The city of Aachen has developed into a technology hub as a by-product of hosting one of the leading universities of technology in Germany with the RWTH Aachen (Rheinisch-Westfälische Technische Hochschule), known especially for mechanical engineering, automotive and manufacturing technology as well as for its research and academic hospital Klinikum Aachen, one of the largest medical facilities in Europe.
Aachen is located in the middle of the Meuse–Rhine Euroregion, close to the border tripoint of Germany, the Netherlands, and Belgium. It lies near the head of the open valley of the River Wurm (which today flows through the city in canalized form), part of the larger basin of the River Meuse, and about 30 km (19 mi) north of the High Fens, which form the northern edge of the Eifel uplands of the Rhenish Massif.

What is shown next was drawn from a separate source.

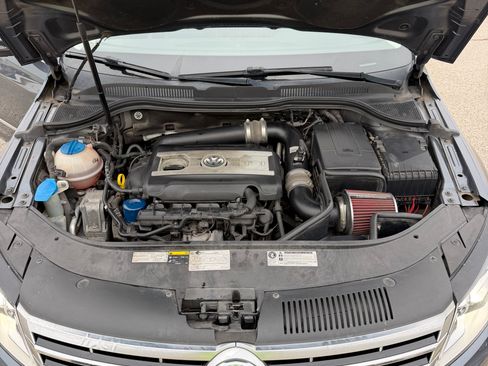 Used 2014 Volkswagen CC Executive image 10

The maximum dimensions of the city's territory are 21.6 km (13.4 mi) from north to south, and 17.2 km (10.7 mi) from east to west. The city limits are 87.7 km (54.5 mi) long, of which 23.8 km (14.8 mi) border Belgium and 21.8 km (13.5 mi) the Netherlands. The highest point in Aachen, located in the far southeast of the city, lies at an elevation of 410 m above sea level. The lowest point, in the north, and on the border with the Netherlands, is at 125 m.

Climate

As the westernmost city in Germany (and close to the Low Countries), Aachen and the surrounding area belongs to a temperate climate zone, with humid weather, mild winters, and warm summers. Because of its location north of the Eifel and the High Fens and its subsequent prevailing westerly weather patterns, rainfall in Aachen (on average 805 mm/year) is comparatively higher than, for example, Bonn (with 669 mm/year). Another factor in the local weather forces of Aachen is the occurrence of Foehn winds on the southerly air currents, which results from the city's geographic location on the northern edge of the Eifel.

Because the city is surrounded by hills, it suffers from inversion-related smog. Some areas of the city have become urban heat islands as a result of poor heat exchange, both because of the area's natural geography, as well as from human activity. The city's numerous cold air corridors, which are slated to remain as free as possible from new construction, therefore play an important role in the urban climate of Aachen.
The January average is 3.0 °C (37 °F), while the July average is 18.5 °C (65 °F). Precipitation is almost evenly spread throughout the year.